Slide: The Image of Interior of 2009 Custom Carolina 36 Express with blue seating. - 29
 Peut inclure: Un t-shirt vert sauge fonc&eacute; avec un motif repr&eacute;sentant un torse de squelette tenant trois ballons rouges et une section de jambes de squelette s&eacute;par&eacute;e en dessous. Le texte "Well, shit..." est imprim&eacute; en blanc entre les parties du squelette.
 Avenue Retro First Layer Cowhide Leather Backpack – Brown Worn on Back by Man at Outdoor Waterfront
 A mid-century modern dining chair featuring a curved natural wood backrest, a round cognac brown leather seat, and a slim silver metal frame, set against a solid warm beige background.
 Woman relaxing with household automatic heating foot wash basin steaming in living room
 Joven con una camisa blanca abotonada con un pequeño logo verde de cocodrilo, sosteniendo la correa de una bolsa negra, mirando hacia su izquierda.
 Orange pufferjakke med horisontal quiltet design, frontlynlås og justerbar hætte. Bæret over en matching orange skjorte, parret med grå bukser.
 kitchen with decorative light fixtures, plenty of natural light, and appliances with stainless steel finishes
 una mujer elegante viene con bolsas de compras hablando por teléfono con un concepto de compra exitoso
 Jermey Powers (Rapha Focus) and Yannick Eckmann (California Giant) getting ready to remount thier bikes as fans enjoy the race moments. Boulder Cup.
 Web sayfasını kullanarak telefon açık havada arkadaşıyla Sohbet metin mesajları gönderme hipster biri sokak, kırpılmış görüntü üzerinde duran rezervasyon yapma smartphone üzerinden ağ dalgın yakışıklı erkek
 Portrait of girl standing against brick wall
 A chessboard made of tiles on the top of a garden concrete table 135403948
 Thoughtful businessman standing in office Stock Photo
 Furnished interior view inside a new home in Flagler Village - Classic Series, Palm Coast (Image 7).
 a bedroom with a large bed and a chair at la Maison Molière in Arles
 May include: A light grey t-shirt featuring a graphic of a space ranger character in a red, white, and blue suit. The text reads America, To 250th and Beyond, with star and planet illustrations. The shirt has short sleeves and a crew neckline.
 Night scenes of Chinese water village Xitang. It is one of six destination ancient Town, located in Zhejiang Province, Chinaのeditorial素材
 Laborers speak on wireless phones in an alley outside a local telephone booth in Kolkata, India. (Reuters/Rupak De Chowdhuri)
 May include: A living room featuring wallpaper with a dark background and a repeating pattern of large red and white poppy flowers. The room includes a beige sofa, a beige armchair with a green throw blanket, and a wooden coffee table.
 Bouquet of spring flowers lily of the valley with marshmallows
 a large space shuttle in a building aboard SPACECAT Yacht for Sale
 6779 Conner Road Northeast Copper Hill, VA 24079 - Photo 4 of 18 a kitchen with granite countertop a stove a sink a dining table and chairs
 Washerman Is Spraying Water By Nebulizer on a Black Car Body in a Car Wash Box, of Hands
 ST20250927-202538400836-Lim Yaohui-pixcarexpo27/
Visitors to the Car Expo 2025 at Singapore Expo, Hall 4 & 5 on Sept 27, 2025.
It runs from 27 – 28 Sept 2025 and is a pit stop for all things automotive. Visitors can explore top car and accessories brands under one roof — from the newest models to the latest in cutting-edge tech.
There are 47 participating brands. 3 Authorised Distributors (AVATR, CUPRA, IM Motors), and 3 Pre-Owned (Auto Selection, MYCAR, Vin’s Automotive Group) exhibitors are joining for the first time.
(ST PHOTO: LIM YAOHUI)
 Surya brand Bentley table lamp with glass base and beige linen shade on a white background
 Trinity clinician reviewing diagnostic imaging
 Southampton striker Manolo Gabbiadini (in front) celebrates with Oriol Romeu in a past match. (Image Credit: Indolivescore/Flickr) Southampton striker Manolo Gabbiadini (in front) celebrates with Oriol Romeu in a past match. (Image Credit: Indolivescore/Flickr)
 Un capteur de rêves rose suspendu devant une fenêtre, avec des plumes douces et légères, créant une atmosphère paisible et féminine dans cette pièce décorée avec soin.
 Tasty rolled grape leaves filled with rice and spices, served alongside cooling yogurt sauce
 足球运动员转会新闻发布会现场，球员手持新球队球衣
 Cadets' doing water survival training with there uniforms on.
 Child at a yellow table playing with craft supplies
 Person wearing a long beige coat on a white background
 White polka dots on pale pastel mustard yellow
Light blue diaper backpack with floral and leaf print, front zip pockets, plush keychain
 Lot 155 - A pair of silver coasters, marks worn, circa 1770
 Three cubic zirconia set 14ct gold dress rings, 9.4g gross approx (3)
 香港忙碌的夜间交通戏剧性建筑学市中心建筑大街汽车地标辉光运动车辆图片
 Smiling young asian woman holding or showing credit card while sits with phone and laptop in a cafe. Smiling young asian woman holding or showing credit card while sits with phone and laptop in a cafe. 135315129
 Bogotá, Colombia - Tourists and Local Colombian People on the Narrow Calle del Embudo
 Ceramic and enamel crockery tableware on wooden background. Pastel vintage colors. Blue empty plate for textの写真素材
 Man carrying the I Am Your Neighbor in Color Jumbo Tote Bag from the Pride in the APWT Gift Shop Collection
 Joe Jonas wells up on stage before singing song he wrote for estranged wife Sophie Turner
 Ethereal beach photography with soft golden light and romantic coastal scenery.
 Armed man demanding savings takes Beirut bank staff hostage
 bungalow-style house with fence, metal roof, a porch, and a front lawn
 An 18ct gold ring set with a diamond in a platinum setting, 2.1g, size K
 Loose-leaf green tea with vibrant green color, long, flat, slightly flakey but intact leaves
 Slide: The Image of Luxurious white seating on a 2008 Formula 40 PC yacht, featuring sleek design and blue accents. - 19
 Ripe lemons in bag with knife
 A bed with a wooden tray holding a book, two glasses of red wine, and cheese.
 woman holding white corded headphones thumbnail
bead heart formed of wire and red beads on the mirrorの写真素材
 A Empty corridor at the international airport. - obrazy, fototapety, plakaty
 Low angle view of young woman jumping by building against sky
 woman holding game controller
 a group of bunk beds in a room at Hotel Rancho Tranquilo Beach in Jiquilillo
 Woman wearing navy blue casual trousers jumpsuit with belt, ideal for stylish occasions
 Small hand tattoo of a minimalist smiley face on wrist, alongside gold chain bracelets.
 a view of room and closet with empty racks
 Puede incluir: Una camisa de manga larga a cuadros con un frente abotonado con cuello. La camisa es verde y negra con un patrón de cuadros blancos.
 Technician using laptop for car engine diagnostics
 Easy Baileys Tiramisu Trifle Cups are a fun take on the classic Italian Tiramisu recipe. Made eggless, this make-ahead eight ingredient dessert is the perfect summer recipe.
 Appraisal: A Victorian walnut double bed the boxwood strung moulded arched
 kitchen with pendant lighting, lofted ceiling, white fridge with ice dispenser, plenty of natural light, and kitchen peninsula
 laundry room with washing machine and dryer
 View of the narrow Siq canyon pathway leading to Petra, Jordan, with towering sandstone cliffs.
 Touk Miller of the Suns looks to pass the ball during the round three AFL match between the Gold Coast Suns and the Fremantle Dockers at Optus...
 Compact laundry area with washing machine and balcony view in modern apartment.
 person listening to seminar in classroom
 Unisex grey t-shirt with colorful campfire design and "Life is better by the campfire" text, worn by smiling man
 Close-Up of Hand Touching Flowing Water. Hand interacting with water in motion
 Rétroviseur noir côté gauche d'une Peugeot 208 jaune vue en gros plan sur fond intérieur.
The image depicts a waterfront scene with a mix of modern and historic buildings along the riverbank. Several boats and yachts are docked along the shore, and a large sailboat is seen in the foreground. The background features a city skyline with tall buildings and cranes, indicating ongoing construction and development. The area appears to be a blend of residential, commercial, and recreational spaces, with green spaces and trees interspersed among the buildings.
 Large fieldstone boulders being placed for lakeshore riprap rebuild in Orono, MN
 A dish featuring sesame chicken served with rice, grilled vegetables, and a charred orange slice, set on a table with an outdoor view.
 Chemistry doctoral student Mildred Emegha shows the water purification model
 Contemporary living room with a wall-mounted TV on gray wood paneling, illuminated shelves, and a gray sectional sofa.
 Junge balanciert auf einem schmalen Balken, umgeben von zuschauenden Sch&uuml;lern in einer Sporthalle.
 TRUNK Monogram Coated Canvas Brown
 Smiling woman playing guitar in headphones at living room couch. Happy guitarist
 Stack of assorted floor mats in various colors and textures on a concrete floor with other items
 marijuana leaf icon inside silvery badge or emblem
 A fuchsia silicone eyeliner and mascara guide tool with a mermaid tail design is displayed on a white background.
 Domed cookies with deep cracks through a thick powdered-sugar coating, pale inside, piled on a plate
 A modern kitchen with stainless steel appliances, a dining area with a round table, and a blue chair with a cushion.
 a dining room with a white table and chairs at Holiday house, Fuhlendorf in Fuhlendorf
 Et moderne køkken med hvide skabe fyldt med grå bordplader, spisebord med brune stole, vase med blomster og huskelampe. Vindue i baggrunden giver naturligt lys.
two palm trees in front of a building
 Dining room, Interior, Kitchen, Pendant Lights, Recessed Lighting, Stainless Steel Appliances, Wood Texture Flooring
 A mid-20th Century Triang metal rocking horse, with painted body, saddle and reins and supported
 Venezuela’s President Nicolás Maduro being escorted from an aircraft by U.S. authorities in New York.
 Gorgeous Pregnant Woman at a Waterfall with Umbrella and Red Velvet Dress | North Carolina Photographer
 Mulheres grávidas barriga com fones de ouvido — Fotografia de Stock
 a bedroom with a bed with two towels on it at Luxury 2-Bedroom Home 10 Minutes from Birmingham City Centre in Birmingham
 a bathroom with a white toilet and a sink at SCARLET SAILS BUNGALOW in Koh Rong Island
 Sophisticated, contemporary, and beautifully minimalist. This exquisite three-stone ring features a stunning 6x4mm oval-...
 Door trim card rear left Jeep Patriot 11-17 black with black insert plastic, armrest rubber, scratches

# REQUIRED WORK
The required output is the exact run of lines from the beginning of the records to the line with "una mujer elegante", that line included.

# RESPONSE TO THE EXERCISE
Slide: The Image of Interior of 2009 Custom Carolina 36 Express with blue seating. - 29
 Peut inclure: Un t-shirt vert sauge fonc&eacute; avec un motif repr&eacute;sentant un torse de squelette tenant trois ballons rouges et une section de jambes de squelette s&eacute;par&eacute;e en dessous. Le texte "Well, shit..." est imprim&eacute; en blanc entre les parties du squelette.
 Avenue Retro First Layer Cowhide Leather Backpack – Brown Worn on Back by Man at Outdoor Waterfront
 A mid-century modern dining chair featuring a curved natural wood backrest, a round cognac brown leather seat, and a slim silver metal frame, set against a solid warm beige background.
 Woman relaxing with household automatic heating foot wash basin steaming in living room
 Joven con una camisa blanca abotonada con un pequeño logo verde de cocodrilo, sosteniendo la correa de una bolsa negra, mirando hacia su izquierda.
 Orange pufferjakke med horisontal quiltet design, frontlynlås og justerbar hætte. Bæret over en matching orange skjorte, parret med grå bukser.
 kitchen with decorative light fixtures, plenty of natural light, and appliances with stainless steel finishes
 una mujer elegante viene con bolsas de compras hablando por teléfono con un concepto de compra exitoso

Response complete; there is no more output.